Wed, 08 Jan 2014
When QuickCheck Fails Me
This is an old trick I picked up from a colleague over a decade ago and have re-invented or re-remembered a number of times since.
When implementing complicated performance critical algorithms and things don't work immediately, the best idea is to drop back to the old formula of:
- Make it compile.
- Make it correct.
- Make it fast.
Often than means implementing slow naive versions of parts of the algorithm first and then one-by-one replacing the slow versions with fast versions. For a given function of two inputs, this might give me two functions with the identical type signatures:
functionSlow :: A -> B -> C functionFast :: A -> B -> C
that can be used interchangeably.
When it comes to implementing the fast versions, the slow versions can be used to check the correct-ness of the fast version using a simple QuickCheck property like:
\ a b -> functionFast a b == functionSlow a b
This property basically just asks QuickCheck to generate a, b pairs, pass these to both functions and compare their outputs.
With something like this, QuickCheck usually all finds the corner cases really quickly. Except for when it doesn't. QuickCheck uses a random number generator to generate inputs to the function under test. If for instance you have a function that takes a floating point number and only behaves incorrectly when that input is say exactly 10.3, the chances of QuickCheck generating exactly 10.3 and hitting the bug are very small.

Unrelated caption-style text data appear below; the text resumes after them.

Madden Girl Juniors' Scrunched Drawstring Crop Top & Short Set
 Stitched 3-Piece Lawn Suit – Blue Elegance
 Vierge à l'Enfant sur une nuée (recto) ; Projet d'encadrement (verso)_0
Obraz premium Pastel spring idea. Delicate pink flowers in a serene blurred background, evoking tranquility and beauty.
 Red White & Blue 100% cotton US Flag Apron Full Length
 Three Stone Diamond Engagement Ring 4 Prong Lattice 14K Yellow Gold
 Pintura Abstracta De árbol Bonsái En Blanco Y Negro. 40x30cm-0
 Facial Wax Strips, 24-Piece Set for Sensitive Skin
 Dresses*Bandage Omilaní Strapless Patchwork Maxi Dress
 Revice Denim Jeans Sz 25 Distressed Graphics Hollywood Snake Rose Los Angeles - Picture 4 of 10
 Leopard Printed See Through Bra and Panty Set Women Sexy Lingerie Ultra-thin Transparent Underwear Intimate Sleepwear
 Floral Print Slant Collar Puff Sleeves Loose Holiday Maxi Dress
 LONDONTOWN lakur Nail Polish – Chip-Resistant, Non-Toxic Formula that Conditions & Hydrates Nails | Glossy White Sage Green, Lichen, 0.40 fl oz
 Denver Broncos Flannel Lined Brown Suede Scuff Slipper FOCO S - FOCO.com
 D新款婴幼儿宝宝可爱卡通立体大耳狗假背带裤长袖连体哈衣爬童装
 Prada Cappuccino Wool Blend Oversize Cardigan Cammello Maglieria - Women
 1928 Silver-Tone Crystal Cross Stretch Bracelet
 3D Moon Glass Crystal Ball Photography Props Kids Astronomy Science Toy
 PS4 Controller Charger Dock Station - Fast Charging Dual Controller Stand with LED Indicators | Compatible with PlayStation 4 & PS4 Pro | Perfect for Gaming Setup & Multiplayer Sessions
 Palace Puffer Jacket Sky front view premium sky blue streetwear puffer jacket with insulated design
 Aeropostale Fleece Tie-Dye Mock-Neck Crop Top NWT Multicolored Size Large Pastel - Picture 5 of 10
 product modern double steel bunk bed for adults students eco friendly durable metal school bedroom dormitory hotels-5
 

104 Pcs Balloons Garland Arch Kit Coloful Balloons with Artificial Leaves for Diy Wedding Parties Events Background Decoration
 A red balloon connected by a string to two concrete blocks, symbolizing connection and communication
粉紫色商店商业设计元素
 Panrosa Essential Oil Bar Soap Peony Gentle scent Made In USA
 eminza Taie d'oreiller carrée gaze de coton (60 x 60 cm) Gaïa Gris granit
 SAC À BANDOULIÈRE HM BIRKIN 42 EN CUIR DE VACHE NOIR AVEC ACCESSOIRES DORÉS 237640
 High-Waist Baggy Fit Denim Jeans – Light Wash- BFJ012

For exactly this reason, using the technique above sometimes doesn't work. Sometimes the fast version has a bug that Quickcheck wasn't able to find.
When this happens the trick is to write a third function:
functionChecked :: A -> B -> C functionChecked a b = let fast = functionFast a b slow = functionSlow a b in if fast == slow then fast else error $ "functionFast " ++ show a ++ " " ++ show b ++ "\nreturns " ++ show fast ++ "\n should be " ++ show slow
which calculates the function output using both the slow and the fast versions, compares the outputs and fails with an error if the two function outputs are not identical.
Using this in my algorithm I can then collect failing test cases that QuickCheck couldn't find. With a failing test case, its usually pretty easy to fix the broken fast version of the function.